Rédactrice du site ukclimbing.com, Natalie Berry voit les choses un peu différemment. N’étant pas une athlète de pointe en escalade, elle répond en se situant du côté des médias: «Je trouve que cette qualification ne contribue guère à atteindre l’égalité. La mise en évidence des succès féminins, à mon avis, va plutôt dans le sens inverse du progrès attendu.»

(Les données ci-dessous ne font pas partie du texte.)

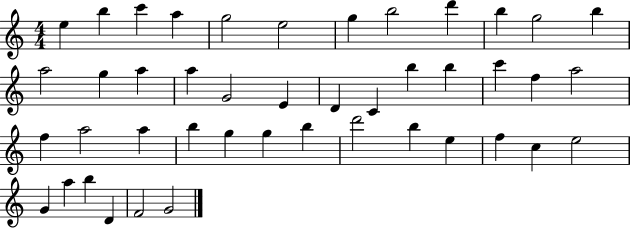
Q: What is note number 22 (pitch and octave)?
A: B5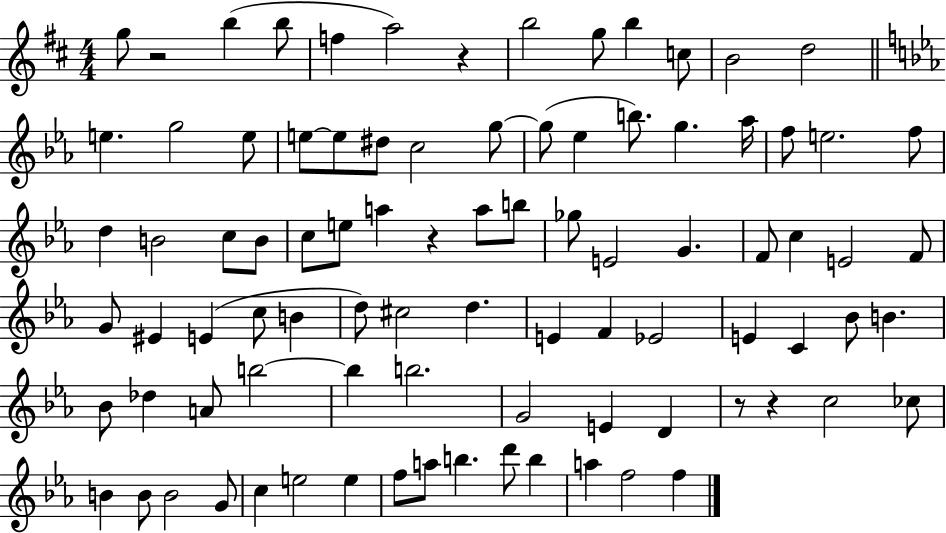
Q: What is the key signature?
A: D major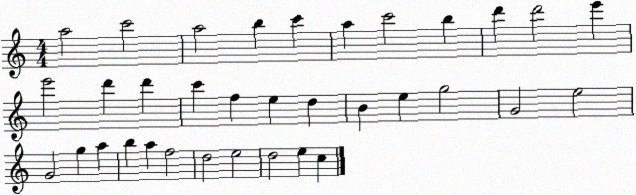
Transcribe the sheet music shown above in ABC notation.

X:1
T:Untitled
M:4/4
L:1/4
K:C
a2 c'2 a2 b c' a c'2 b d' d'2 e' e'2 d' d' c' f e d B e g2 G2 e2 G2 g a b a f2 d2 e2 d2 e c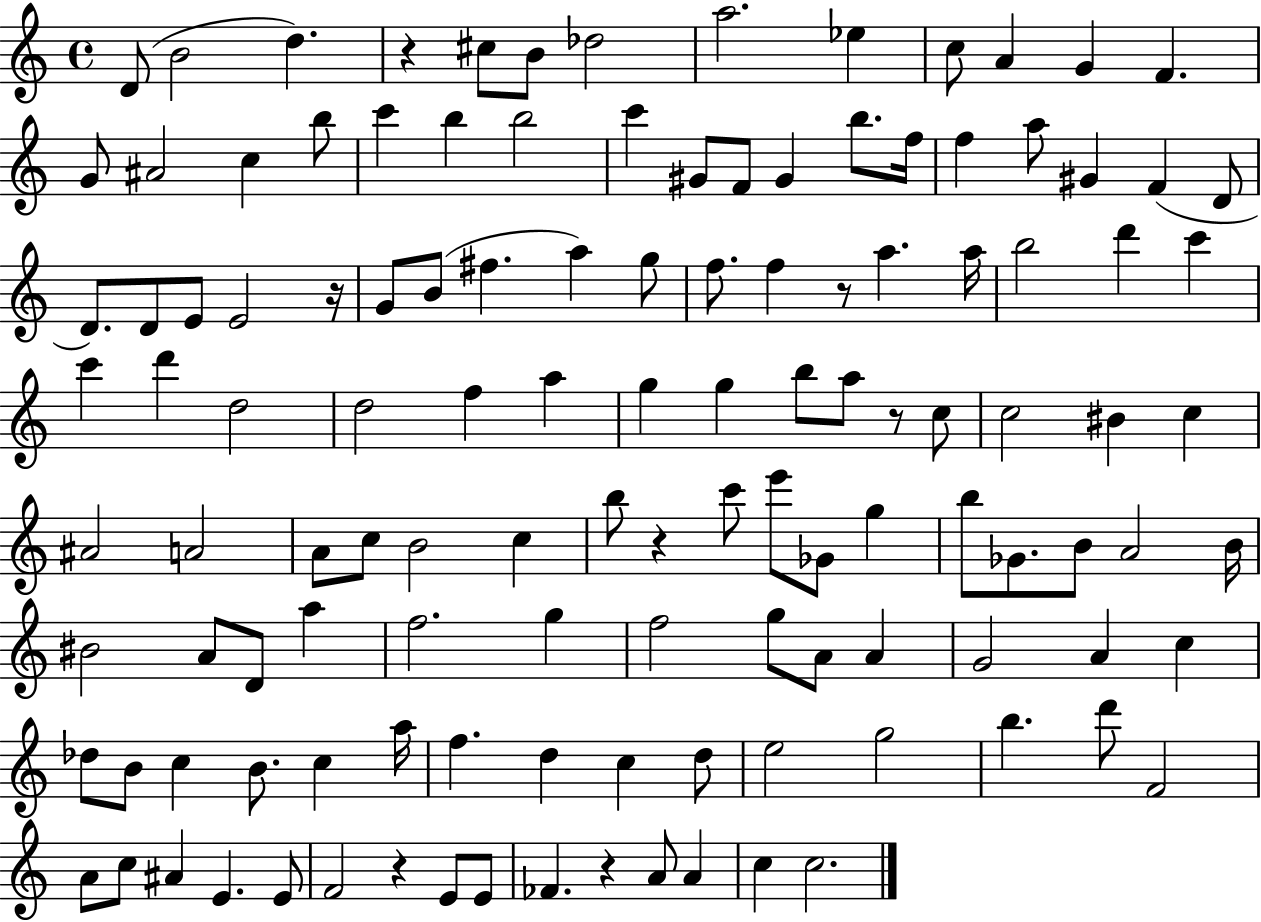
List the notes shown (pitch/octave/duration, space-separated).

D4/e B4/h D5/q. R/q C#5/e B4/e Db5/h A5/h. Eb5/q C5/e A4/q G4/q F4/q. G4/e A#4/h C5/q B5/e C6/q B5/q B5/h C6/q G#4/e F4/e G#4/q B5/e. F5/s F5/q A5/e G#4/q F4/q D4/e D4/e. D4/e E4/e E4/h R/s G4/e B4/e F#5/q. A5/q G5/e F5/e. F5/q R/e A5/q. A5/s B5/h D6/q C6/q C6/q D6/q D5/h D5/h F5/q A5/q G5/q G5/q B5/e A5/e R/e C5/e C5/h BIS4/q C5/q A#4/h A4/h A4/e C5/e B4/h C5/q B5/e R/q C6/e E6/e Gb4/e G5/q B5/e Gb4/e. B4/e A4/h B4/s BIS4/h A4/e D4/e A5/q F5/h. G5/q F5/h G5/e A4/e A4/q G4/h A4/q C5/q Db5/e B4/e C5/q B4/e. C5/q A5/s F5/q. D5/q C5/q D5/e E5/h G5/h B5/q. D6/e F4/h A4/e C5/e A#4/q E4/q. E4/e F4/h R/q E4/e E4/e FES4/q. R/q A4/e A4/q C5/q C5/h.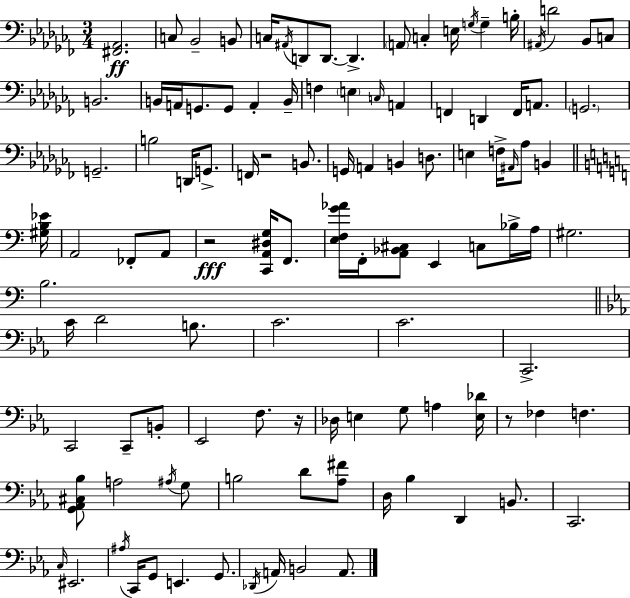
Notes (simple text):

Pour les unes, la mise en évidence des exploits féminins est une occasion de fêter les succès des femmes. Pour les autres, souligner ainsi une évidence revient à la disqualifier: comme s’il était inhabituel qu’une femme soit performante en escalade.

Différences au sommet

Si les hommes sont actuellement champions de la difficulté en escalade, l’écart avec les femmes s’amenuise: Chris Sharma et Adam Ondra maîtrisent le 9b, les meilleures femmes en sont pour l’heure au 9a/+, où l’on a vu se distinguer en 2005 déjà la Basque Josune Bereziartu dans Bimbaluna, puis Ashima Shiraishi en 2015 dans Open your Mind direct et Ciudad de Dios. Situation analogue en escalade de bloc, où les sexes ne diffèrent que d’un cheveu: alors que Fred Nicole et Daniel Woods maîtrisent le 8c, on voit des femmes se hisser au 8b+, comme Shauna Coxsey dans New Base Line ou Alex Puccio dans Jade. Si les femmes sont toujours légèrement en retrait, c’est peut-être parce qu’elles sont encore moins nombreuses à pratiquer l’escalade, et plus rares encore dans le groupe des athlètes de pointe.

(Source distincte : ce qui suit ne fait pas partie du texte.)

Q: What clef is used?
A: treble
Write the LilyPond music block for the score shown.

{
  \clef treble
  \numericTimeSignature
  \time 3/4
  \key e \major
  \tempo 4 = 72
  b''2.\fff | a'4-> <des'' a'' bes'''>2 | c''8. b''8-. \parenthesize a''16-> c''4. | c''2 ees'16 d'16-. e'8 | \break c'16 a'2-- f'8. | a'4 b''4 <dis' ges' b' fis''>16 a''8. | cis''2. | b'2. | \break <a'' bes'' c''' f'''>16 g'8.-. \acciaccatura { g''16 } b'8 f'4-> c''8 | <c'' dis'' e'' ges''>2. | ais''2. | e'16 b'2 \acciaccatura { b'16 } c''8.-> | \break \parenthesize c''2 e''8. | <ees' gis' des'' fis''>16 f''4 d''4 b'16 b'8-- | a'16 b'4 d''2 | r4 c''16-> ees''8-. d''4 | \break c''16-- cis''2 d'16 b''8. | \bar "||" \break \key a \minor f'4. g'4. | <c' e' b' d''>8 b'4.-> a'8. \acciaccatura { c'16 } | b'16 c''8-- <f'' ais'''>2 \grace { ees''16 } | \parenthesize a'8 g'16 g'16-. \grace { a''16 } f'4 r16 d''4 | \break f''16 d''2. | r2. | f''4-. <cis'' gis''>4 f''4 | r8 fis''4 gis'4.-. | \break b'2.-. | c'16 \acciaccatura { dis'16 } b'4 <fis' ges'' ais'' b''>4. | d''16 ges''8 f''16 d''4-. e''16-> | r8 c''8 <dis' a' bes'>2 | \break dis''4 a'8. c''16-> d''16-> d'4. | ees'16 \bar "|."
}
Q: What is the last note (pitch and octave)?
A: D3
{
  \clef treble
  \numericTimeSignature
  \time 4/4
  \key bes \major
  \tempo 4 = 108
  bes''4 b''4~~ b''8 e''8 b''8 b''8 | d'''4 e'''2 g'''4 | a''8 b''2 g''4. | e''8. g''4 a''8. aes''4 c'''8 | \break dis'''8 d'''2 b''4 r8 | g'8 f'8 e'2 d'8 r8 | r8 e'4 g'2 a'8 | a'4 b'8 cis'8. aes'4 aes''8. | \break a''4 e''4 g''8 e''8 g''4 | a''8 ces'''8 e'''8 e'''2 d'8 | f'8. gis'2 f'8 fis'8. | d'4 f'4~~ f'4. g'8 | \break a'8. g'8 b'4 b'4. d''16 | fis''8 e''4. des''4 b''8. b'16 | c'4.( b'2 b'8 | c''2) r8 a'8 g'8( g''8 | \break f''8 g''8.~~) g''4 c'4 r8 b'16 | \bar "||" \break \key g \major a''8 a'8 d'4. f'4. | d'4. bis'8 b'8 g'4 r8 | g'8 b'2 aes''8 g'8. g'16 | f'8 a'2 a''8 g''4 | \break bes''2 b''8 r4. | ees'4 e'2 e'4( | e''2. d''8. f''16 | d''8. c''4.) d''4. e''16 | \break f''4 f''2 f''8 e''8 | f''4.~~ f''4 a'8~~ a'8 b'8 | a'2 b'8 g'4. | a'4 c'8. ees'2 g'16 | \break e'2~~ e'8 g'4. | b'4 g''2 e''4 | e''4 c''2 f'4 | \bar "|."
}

Le plus grand écart entre les sexes se remarque dans le registre des premières, ces exploits que Nina Caprez ne veut justement pas voir mélangés avec les «premières féminines», bien moins méritoires. Jusqu’ici, ce sont bien les hommes que l’on a vu chercher de nouvelles lignes, découvrir, nettoyer, et escalader. Les premières féminines ardues qu’ont par exemple réalisées Sasha DiGiulian avec Rolihlahla (5.14c; 8c+) ou Paige Claassen avec Digital Warfare (5.14a; 8b+) sont pour la plupart, à ce jour, des projets déjà équipés et ouverts n’attendant plus que des répétiteurs. Jusqu’ici, on n’a guère vu de femmes se lançant à la découverte de nouvelles parois pour définir des lignes, nettoyer la roche et l’équiper pour l’escalade.

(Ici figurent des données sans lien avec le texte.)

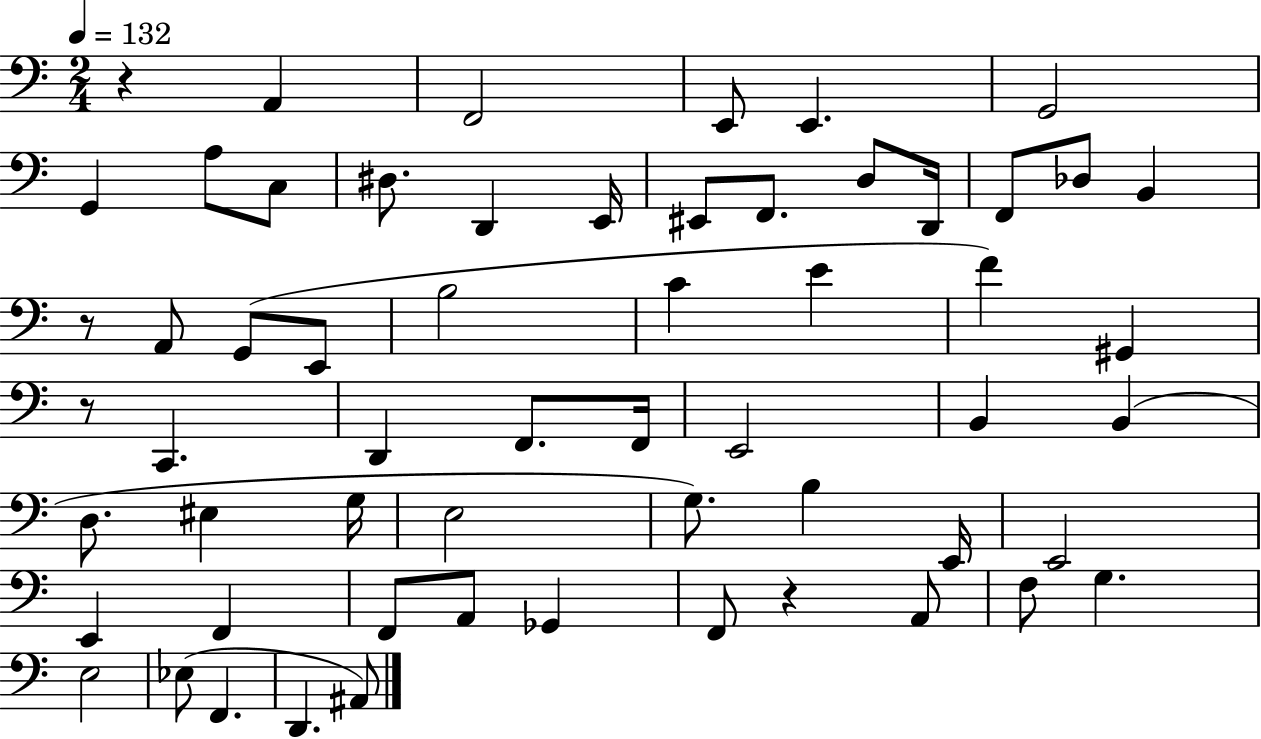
{
  \clef bass
  \numericTimeSignature
  \time 2/4
  \key c \major
  \tempo 4 = 132
  r4 a,4 | f,2 | e,8 e,4. | g,2 | \break g,4 a8 c8 | dis8. d,4 e,16 | eis,8 f,8. d8 d,16 | f,8 des8 b,4 | \break r8 a,8 g,8( e,8 | b2 | c'4 e'4 | f'4) gis,4 | \break r8 c,4. | d,4 f,8. f,16 | e,2 | b,4 b,4( | \break d8. eis4 g16 | e2 | g8.) b4 e,16 | e,2 | \break e,4 f,4 | f,8 a,8 ges,4 | f,8 r4 a,8 | f8 g4. | \break e2 | ees8( f,4. | d,4. ais,8) | \bar "|."
}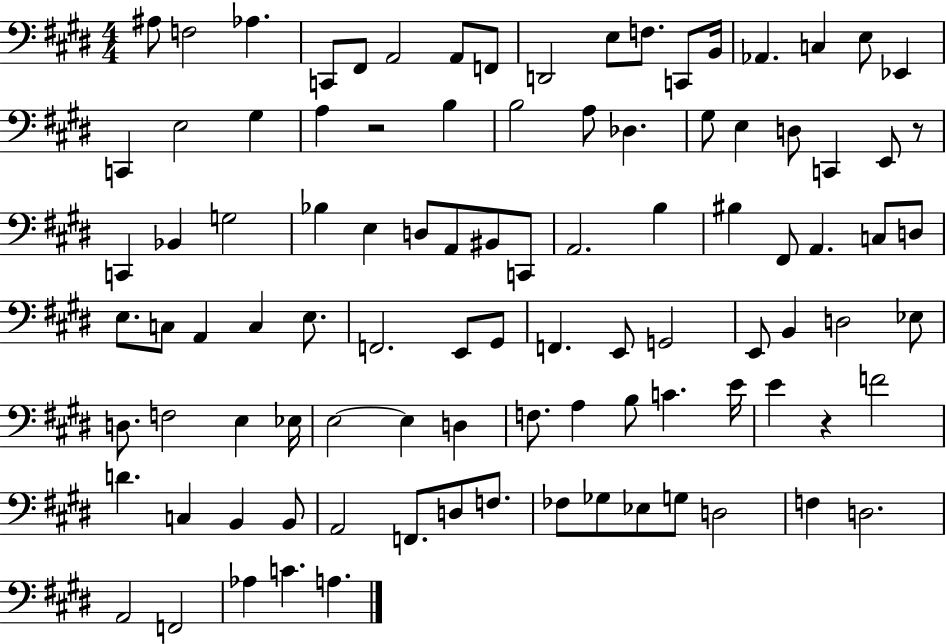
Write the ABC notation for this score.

X:1
T:Untitled
M:4/4
L:1/4
K:E
^A,/2 F,2 _A, C,,/2 ^F,,/2 A,,2 A,,/2 F,,/2 D,,2 E,/2 F,/2 C,,/2 B,,/4 _A,, C, E,/2 _E,, C,, E,2 ^G, A, z2 B, B,2 A,/2 _D, ^G,/2 E, D,/2 C,, E,,/2 z/2 C,, _B,, G,2 _B, E, D,/2 A,,/2 ^B,,/2 C,,/2 A,,2 B, ^B, ^F,,/2 A,, C,/2 D,/2 E,/2 C,/2 A,, C, E,/2 F,,2 E,,/2 ^G,,/2 F,, E,,/2 G,,2 E,,/2 B,, D,2 _E,/2 D,/2 F,2 E, _E,/4 E,2 E, D, F,/2 A, B,/2 C E/4 E z F2 D C, B,, B,,/2 A,,2 F,,/2 D,/2 F,/2 _F,/2 _G,/2 _E,/2 G,/2 D,2 F, D,2 A,,2 F,,2 _A, C A,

En étudiant les mouvements des pratiquants de l’escalade, Ingrid Bähr (Institut für Sportwissenschaft de la J.W. Goethe-Universität de Francfort) a découvert qu’ils différaient moins entre les hommes et les femmes que dans d’autres activités sportives. Elle a constaté que l’escalade offrait un véritable potentiel pour «l’égalisation des genres (undoing gender)». Détail piquant: lorsque Lynn Hill, la plus remarquable pionnière de l’escalade, mit à son palmarès en 1991 la première absolue du Nose (8b+, 1000m) en libre, l’abréviation FFA signifiait encore «First Free Ascent» (première escalade libre).